▶ Work to complete
Print the lines in the listing below that fall between the line with "16th Combat Aviation" and the line with "Imagen 87 de Battlefield 2", those two lines included, exactly as they stand and with nothing else.

▶ Records provided
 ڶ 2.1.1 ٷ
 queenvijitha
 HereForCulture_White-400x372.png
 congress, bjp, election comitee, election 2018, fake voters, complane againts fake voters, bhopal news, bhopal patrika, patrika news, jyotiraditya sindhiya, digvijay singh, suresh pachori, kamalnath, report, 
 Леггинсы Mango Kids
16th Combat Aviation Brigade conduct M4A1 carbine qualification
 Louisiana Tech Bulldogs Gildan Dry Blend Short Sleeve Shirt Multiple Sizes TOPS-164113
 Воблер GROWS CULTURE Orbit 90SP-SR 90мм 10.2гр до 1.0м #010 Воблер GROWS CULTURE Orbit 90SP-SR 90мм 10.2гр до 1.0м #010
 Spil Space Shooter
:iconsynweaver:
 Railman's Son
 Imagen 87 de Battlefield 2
---
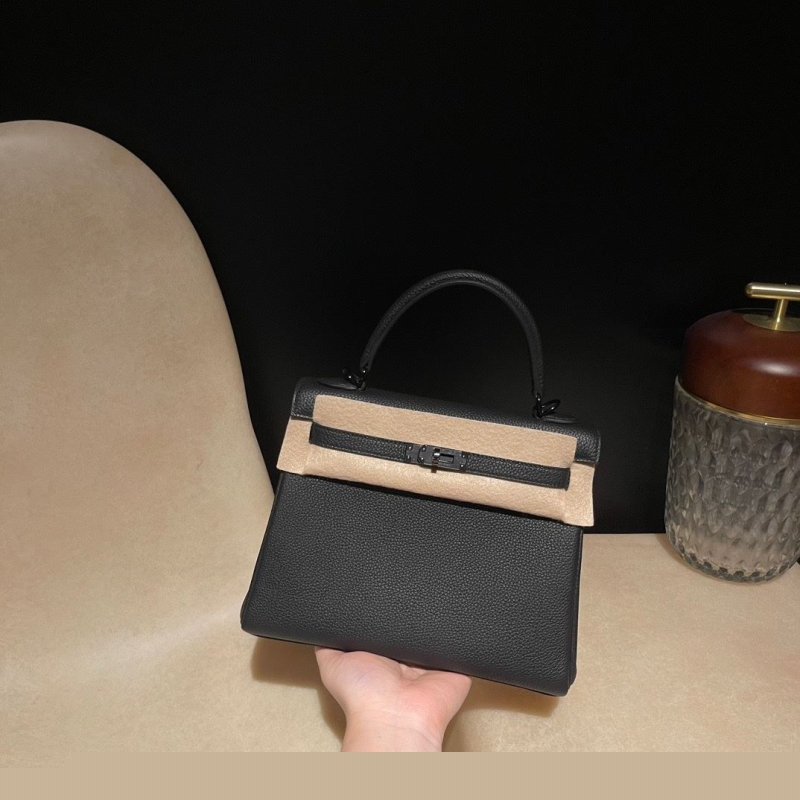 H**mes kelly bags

▶ Result of this task
16th Combat Aviation Brigade conduct M4A1 carbine qualification
 Louisiana Tech Bulldogs Gildan Dry Blend Short Sleeve Shirt Multiple Sizes TOPS-164113
 Воблер GROWS CULTURE Orbit 90SP-SR 90мм 10.2гр до 1.0м #010 Воблер GROWS CULTURE Orbit 90SP-SR 90мм 10.2гр до 1.0м #010
 Spil Space Shooter
:iconsynweaver:
 Railman's Son
 Imagen 87 de Battlefield 2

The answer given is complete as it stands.